Gallic Books is a small UK press that publishes French books translated into English. They were founded in 2007 by two Random House alumni. Later in September I’ll be reviewing The President’s Hat by Antoine Laurain. It tells the story of Daniel Mercier, an average man who finds President François Mitterrand’s black felt hat and puts it on. “It’s a perfect fit, and as he leaves the restaurant Daniel begins to feel somehow… different.”
Intriguing, right? I can’t wait to find out where the author intends to go from there.
The Suicide Shop is an altogether different book by an altogether different author. Yet, the two novels are similar enough – whimsical plots that don’t take themselves too seriously – for the personality of the publisher to begin to show itself. Gallic Books seems to delight in the slightly off-kilter. They’re a refreshing new (despite being established 6-years ago this is the first I’ve encountered them) voice in the world of translations. A world too often dominated by dense, cerebral novels at one end of the spectrum and Nordic Crime fiction at the other.
The Tuvaches are a family of French shopkeepers who provide a very specific service to the citizens of a post-apocalyptic Paris: selling the implements necessary for suicide. Their motto: “Has your life been a failure? Let’s make your death a success.” In the Suicide Shop you can find handcrafted ropes with which to hang yourself, candies laced with arsenic mixed in jars with regular candies (Russian roulette for the very young), a poison du jour mixed-up by Madame Tuvache daily and – for those of an artistic temperament – a poisoned apple painting kit (complete with a small canvas and a paint set so that you can paint the apple before eating it).
Death has been good to this family. The Tuvaches have successfully operated The Suicide Shop for generations. But that changes with the birth of their youngest son. He is a child who laughs, and smiles and wishes the customers a good day. He has an outrageously sunny personality and it’s beginning to rub off on his older siblings. Such happiness is (forgive the pun) killing business.
Quirky, silly, delightfully light-hearted – the story rolls along with the comic timing of a French cabaret. The author, Jean Teulé, is also a film maker and The Suicide Shop was made into an animated film. The books structure lends itself to a screen adaptation. Each chapter is a set piece, advancing the plot in self-contained scenes that jump forward in years. And just when you think the author has decided to end on a cliché, you arrive at the jaw-dropping last sentence.
My one small, nit-picky criticism is Teulé’s decision to place his family in a dystopian future. While it doesn’t take anything away from the story, it doesn’t add anything to it either. No time is spent developing the world other than to make it clear that suicides have increased with the decline of the society. And so the insistence on events happening in some distant future – when they could have just as easily happened in a manipulated present – feels superfluous.

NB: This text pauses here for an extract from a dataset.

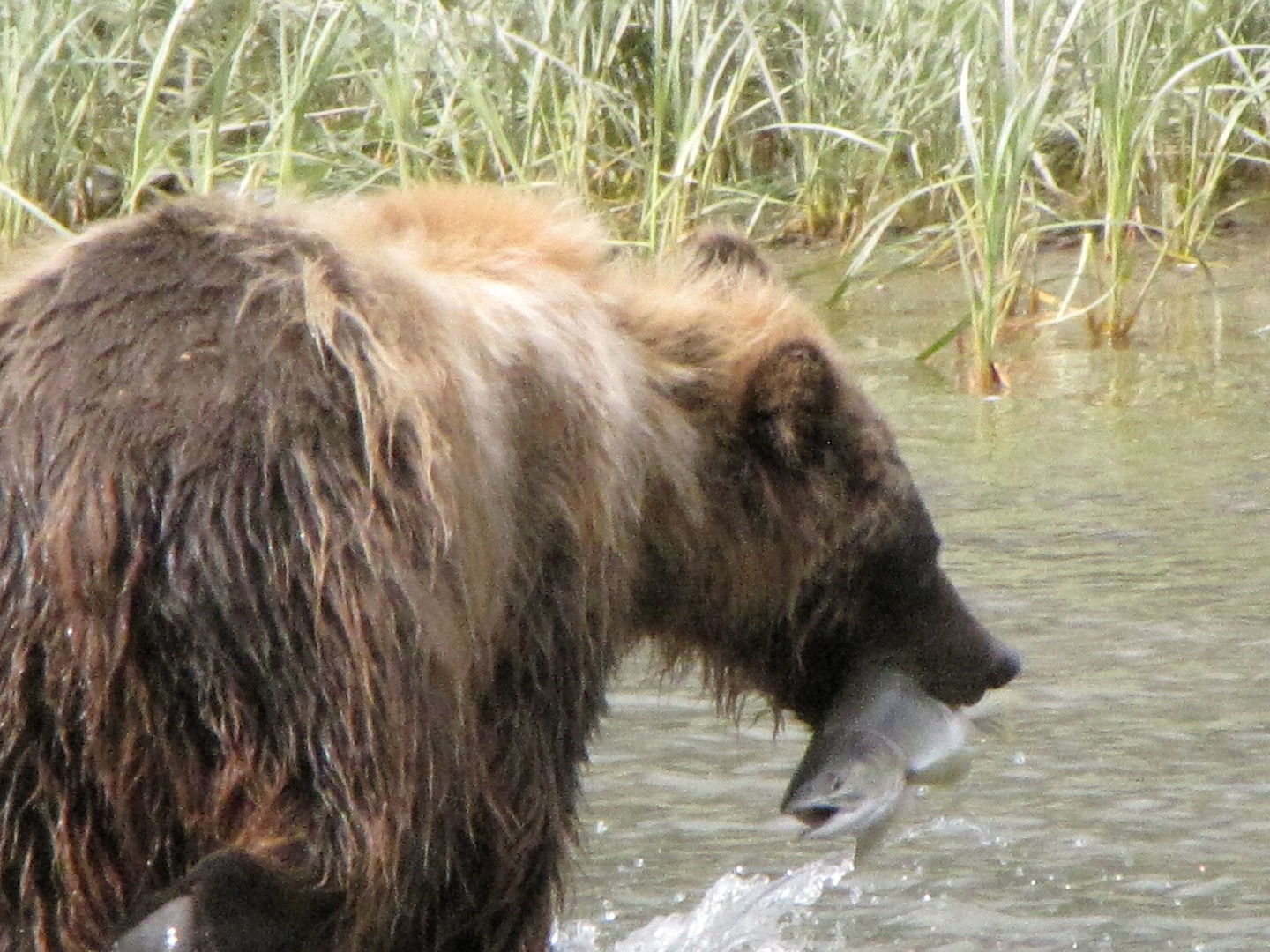 Bear.. too close!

But, overall, this novel is a quick and entertaining read. Written at roughly a YA level, Sue Dyson does a wonderful job capturing the upbeat swing of the prose in her playful translation. I’d classify The Suicide Shop as dark gray versus black comedy (for example, it’s nowhere near as dark as the 1988 film Heathers) – so everyone from junior high school students up to and including adults should find something to enjoy in the ever-amusing antics of the Tuvaches.